Oil firms ‘only scratching the surface’ of data potential, says Chrysaor director

David Edem, director, digital and information management at Chrysaor.
David Edem, director, digital and information management at Chrysaor.

A director of digital for Chrysaor has claimed that oil firms are “only scratching the surface” in terms of data potential on oil rigs.

David Edem, director of digital and information management at Chrysaor, said yesterday during a panel discussion on the industry’s future that many companies are wasting time producing unnecessary information due to lack of innovation.

As part of a panel that included offshore firms such as Equinor, Seadrill and Wood, Mr Edem said during the Future Oil and Gas Conference in Aberdeen that he was keen to unleash the data potential of his company.

He said: “The first action should be looking at what we’re getting from our rigs, looking at what’s going between our finance systems, our maintenance systems, HR systems. We have multiple systems generating exabytes of data and we’re only scratching the surface. And we have a lot of people in companies spending half their lives extracting information from the systems, faffing around on [Microsoft] Excel and providing reports.

“I admire what people are doing with datalakes, but actually what I’m interested in is maximising the value of information that we are retrieving within our organisation. Rather than just sitting on proprietary systems on other people’s clouds.”

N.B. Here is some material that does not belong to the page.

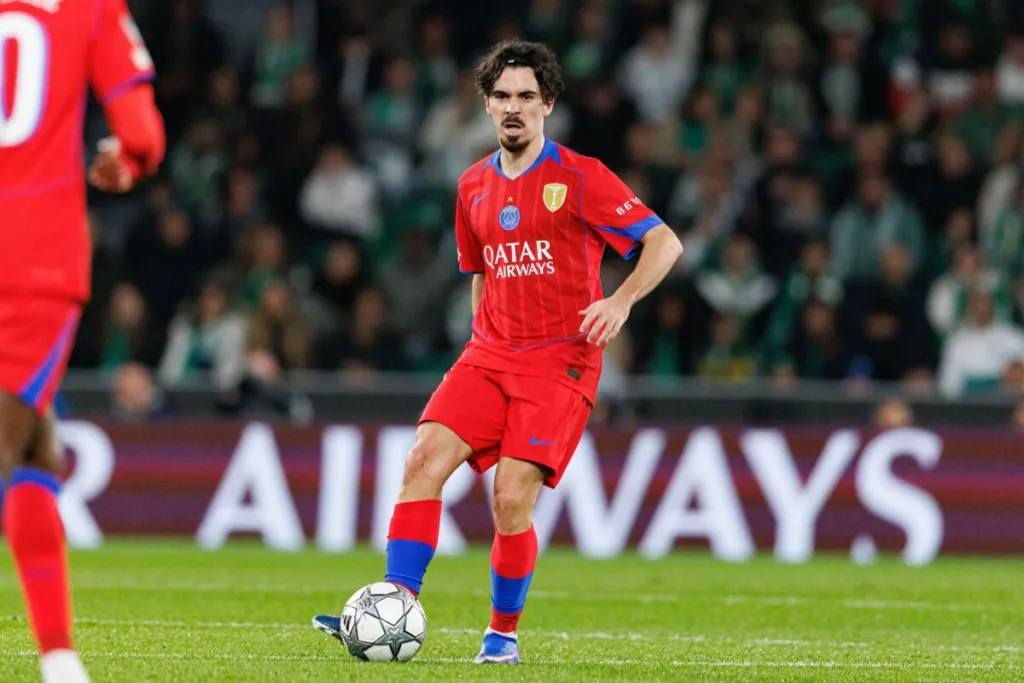 Typy na PSG - Newcastle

Mr Edem said that although he has witnessed a cultural change in terms of the utilization of data, he felt the pace of change has been slower in oil and gas due to complacency and a lack of urgency not seen in other industries.

He said: “This transformation has happened not because people wanted it to happen but because they had no other choice. In our industry, with the low oil price, it’s brought us maybe closer but the appetite for it, I think has not quite caught onto the level it probably should. If you look at banking, retail and the rest, I think we’re there to an extent, but we’re not there yet. And the oil price is creeping back up.

“If I had a pound for every time somebody told me “I’ve been doing this for 30 years or 40 years” I’d be really rich. But the reality is that there’s hope for the appetite to change. I think there is a lot of change in people’s personal lives and we have a more informed staff coming in to our organisation who are used to the digital way of living in their personal and consumer worlds wondering why we’ve been working the same way for the last few decades. It’s a business driven transformation that we need.”

With other panel members agreeing that the industry has been slow to change, Mr Edem said that he felt that the uptake in digital data has been held back by issues surrounding communication and adequately selling the digital vision to operators.

Quizzed by an audience member as to why the pace of digital change has been slow in oil and gas, Mr Edem said: “I think it’s the language used. When I go to a chief finance officer I don’t talk digital. I look at the problems they have from a finance perspective and tell him how I believe we can actually cut costs.

“I feel that quite often when we are speaking to vendors the challenge is that we’re talking about products when we should be saying ‘I can solve that problem’. I think that’s what we need in the industry a bit more.”